Beginning with the line that holds "Bear Moon Clouds" and finishing with the line that holds "Cold Shoulder Ribbed Knit Top (11)", repeat the listing exactly, leaving every picture out.

Start of Raw data

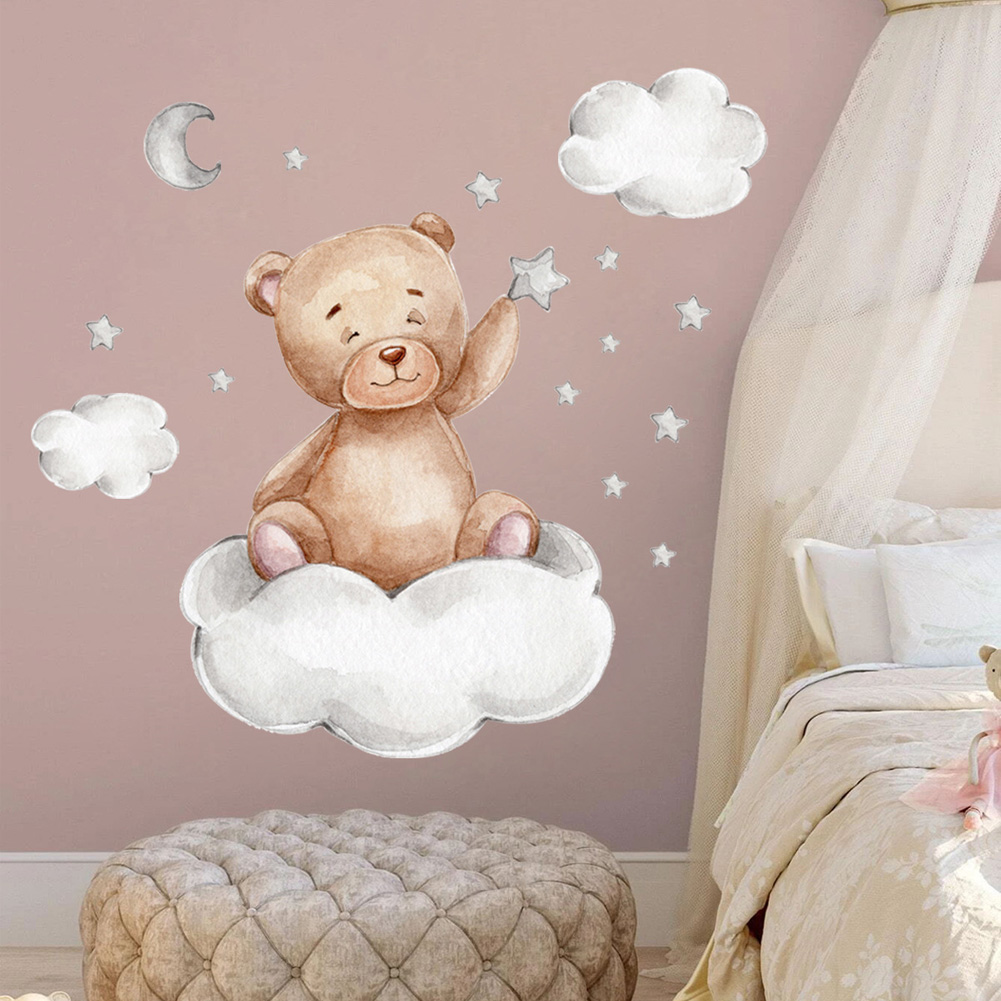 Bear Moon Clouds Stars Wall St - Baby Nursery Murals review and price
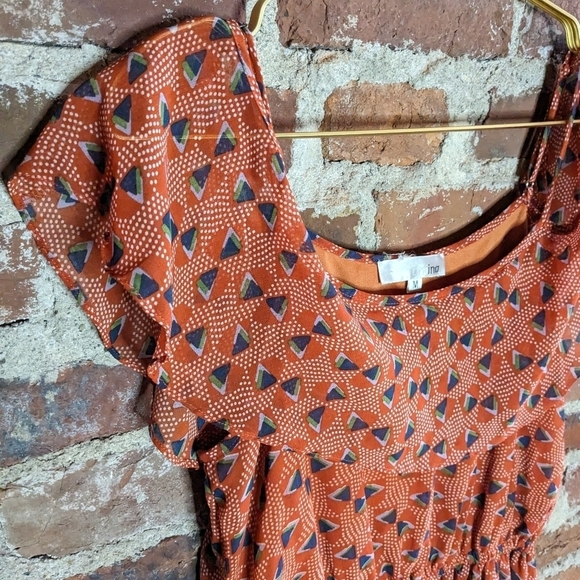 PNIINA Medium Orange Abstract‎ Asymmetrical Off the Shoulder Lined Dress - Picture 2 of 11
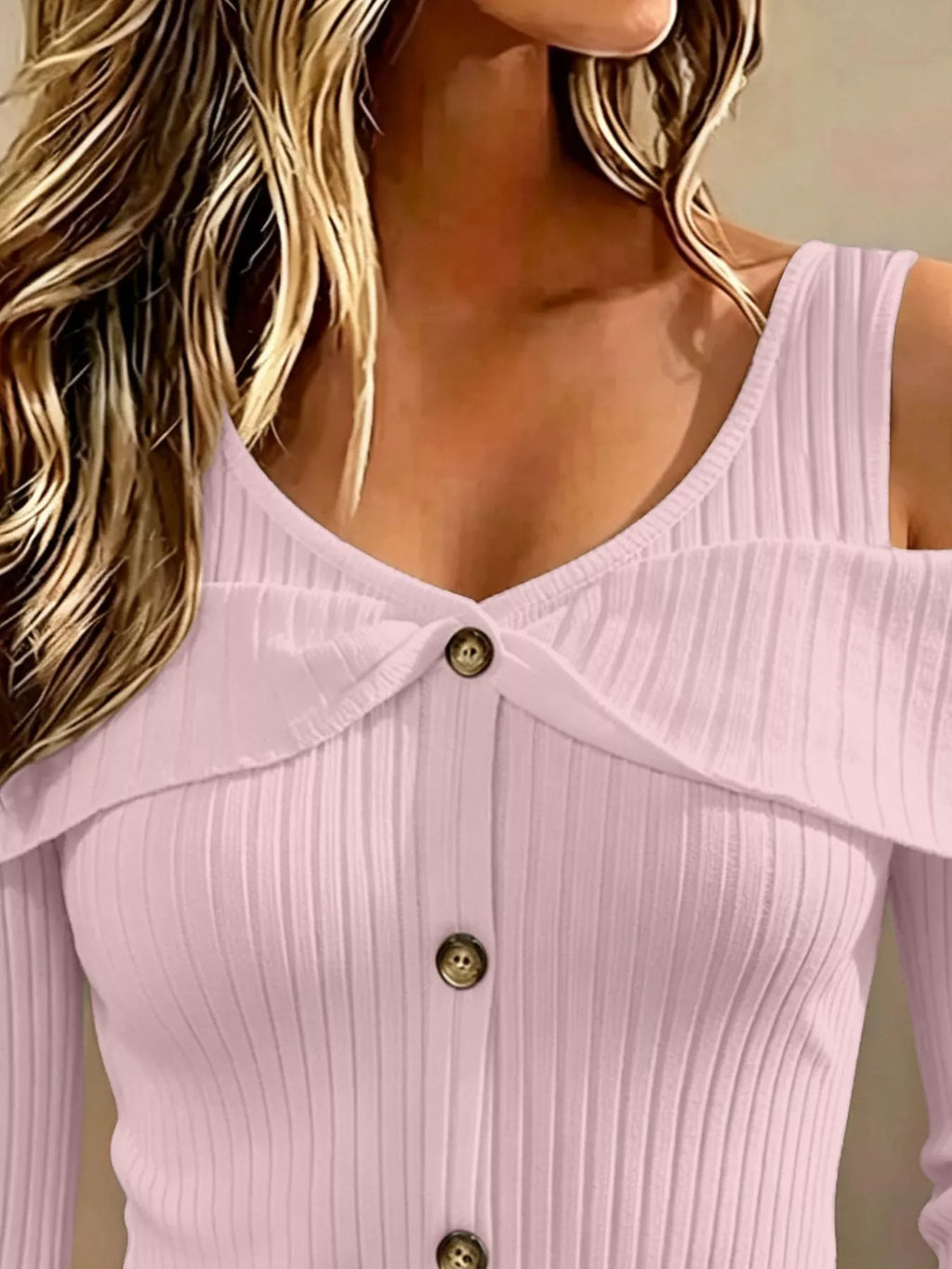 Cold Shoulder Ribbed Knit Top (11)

End of Raw data
Start of Raw data

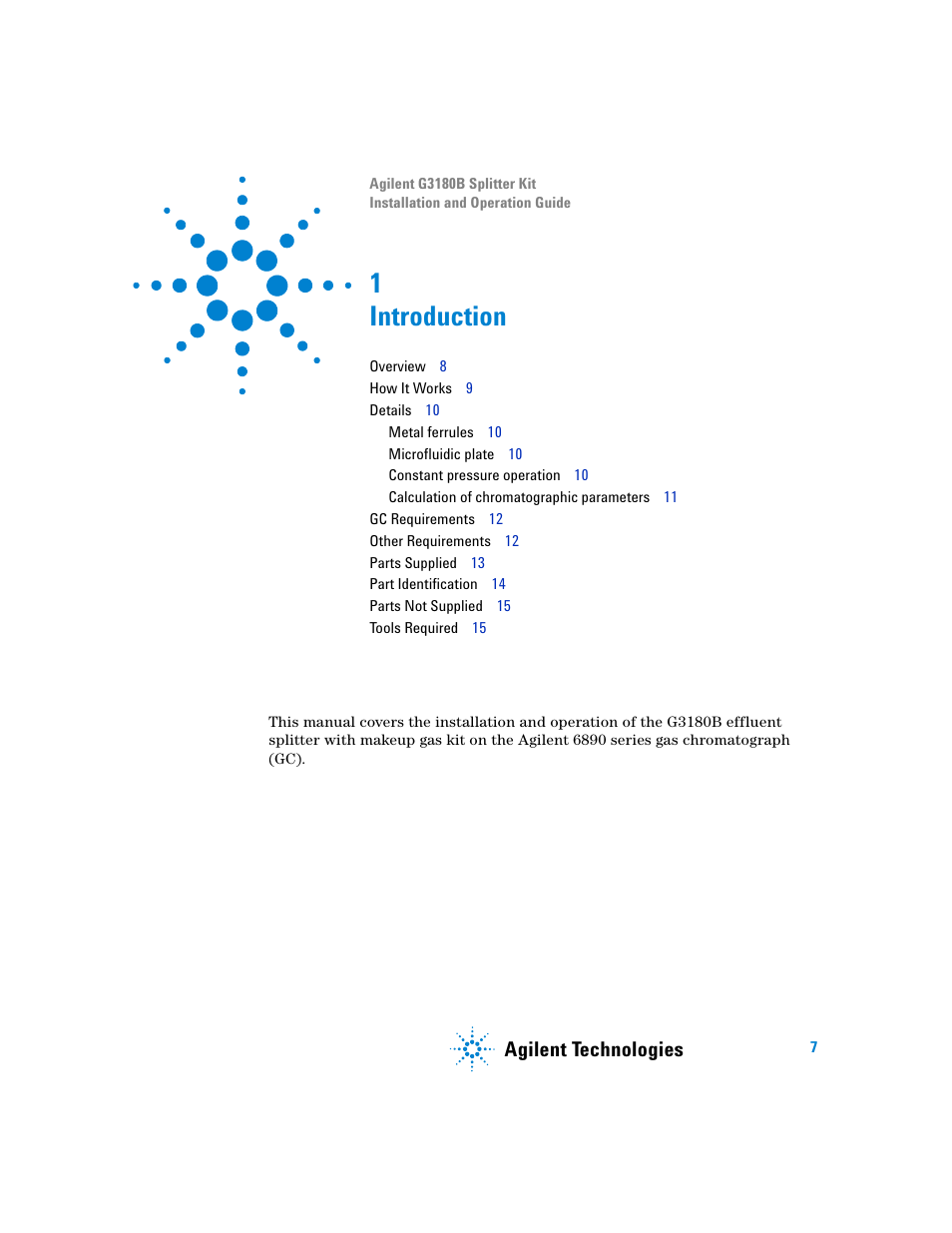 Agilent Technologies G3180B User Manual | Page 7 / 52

End of Raw data

Solution to this task =>
 Bear Moon Clouds Stars Wall St - Baby Nursery Murals review and price
 PNIINA Medium Orange Abstract‎ Asymmetrical Off the Shoulder Lined Dress - Picture 2 of 11
 Cold Shoulder Ribbed Knit Top (11)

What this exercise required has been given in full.